R. El tercer mandamiento exige que el nombre de Dios (sus títulos, atributos, ordenanzas, la palabra, los sacramentos, la oración, los juramentos, los votos, suertes, sus obras, y cualquiera otra cosa por lo cual él se da a conocer) sea santa y reverentemente usado en pensamiento, meditación, palabra, y por escrito por una profesión santa, una conversación intachable, para la gloria de Dios, y para el bien nuestro y de otros.
P. 113. ¿Que pecados prohíbe el tercer mandamiento?
R. Los pecados prohibidos en el tercer mandamiento son: no usar el nombre de Dios como es debido, y ultrajarlo con una ignorante, vana, irreverente, profana, supersticiosa o malvada mención, o usar sus títulos, atributos, ordenanzas u obras en blasfemia, perjurio; toda imprecación pecaminosa, juramentos, votos y suertes; violar nuestros juramentos y votos, si son lícitos; o cumplirlos si son ilícitos; murmuración o polémicas contra los decretos de Dios, inquisitivas indagaciones sobre ellos, o la aplicación falsa de los decretos y actos providenciales de Dios; mala interpretación, aplicación o perversión de la palabra, o alguna parte de ella, en bromas profanas, cuestiones extrañas o inútiles, charlas vanas, o sostener falsas doctrinas; ultrajar el nombre de Dios, las criaturas o alguna cosa que está bajo el nombre de Dios en encantamientos, prácticas y lascivias; difamación, desprecio, injuria u oposición grave a la verdad, gracia y maneras de Dios; hacer profesión de religión con hipocresía o por fines siniestros; avergonzarse de ella o causarle vergüenza con un andar incongruente, poco juicioso, infructuoso u ofensivo, o apartarse de ella.
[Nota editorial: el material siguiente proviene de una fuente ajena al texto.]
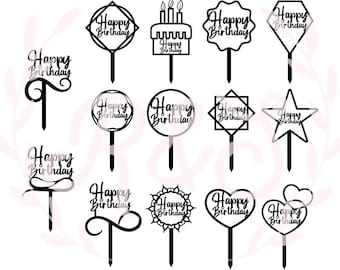 cake toppers, happy birthday, png, svg.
Es evidente entonces que la blasfemia es hoy más común que el buen uso del nombre de Dios. El Dr. Willis Elliot de la Iglesia Unida de Cristo ha dicho: «Considero demoníaco la adherencia a la infalibilidad de las Escrituras». B. D. Olsen, que aduce adherirse a la infalibilidad de las Escrituras, dice que es «visión». Ambas aseveraciones son a blasfemias.
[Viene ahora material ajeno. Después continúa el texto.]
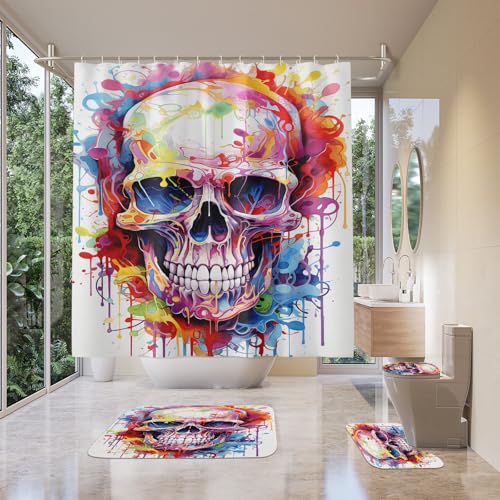Badgarnitur 4 Teilig Badezimmerteppich Waschbar Badematte rutschfest,Wc Vorleger Mit Ausschnitt Badematte Und Duschvorhang,Badvorleger Toilette Teppich 45X75Cm Buntes Skelett Badgarnitur 4 Teilig Badezimmerteppich Waschbar Badematte rutschfest,Wc Vorleger Mit Ausschnitt Badematte Und Duschvorhang,Badvorleger Toilette Teppich 45X75Cm Buntes Skelett von malxlaw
Para citar a Meredith de nuevo, Dios declara por medio de Isaías: «Oíd esto, casa de Jacob, que os llamáis del nombre de Israel, los que salieron de las aguas de Judá, los que juran en el nombre de Jehová, y hacen memoria del Dios de Israel, mas no en verdad ni en justicia» (Is 48: 1). Las personas a quienes se aplica esta profecía usan el nombre de Dios, pero no obedecen la revelación de Dios que contiene su nombre.
Muchos títulos de Dios aparecen en las Escrituras, y son reveladores de aspectos de su naturaleza. Su nombre, sin embargo, aparece como Jehová o Yahvé (no se sabe la verdadera construcción de las vocales), y quiere decir El Que Es, el autoexistente, Yo soy el que soy. Esta es la revelación de Dios contenida en su nombre.

DIOS ES, POR LO TANTO, EL PRINCIPIO DE DEFINICIÓN, DE LEY Y DE TODO.

Es la premisa de todo pensamiento, y la presuposición necesaria para toda esfera de pensamiento.

Es blasfemia, por consiguiente, intentar «demostrar» a Dios; Dios es la presuposición necesaria de toda prueba. Por lo tanto, basar cualquier esfera de pensamiento, vida o acción, o cualquier esfera de ser, en cualquier otra cosa que no sea el Dios trino es blasfemia. La educación sin Dios como su premisa, la ley que no presupone a Dios y se apoya en su ley, un orden civil que no deriva toda su autoridad de Dios, o una familia cuyo cimiento no es la palabra de Dios, es blasfema.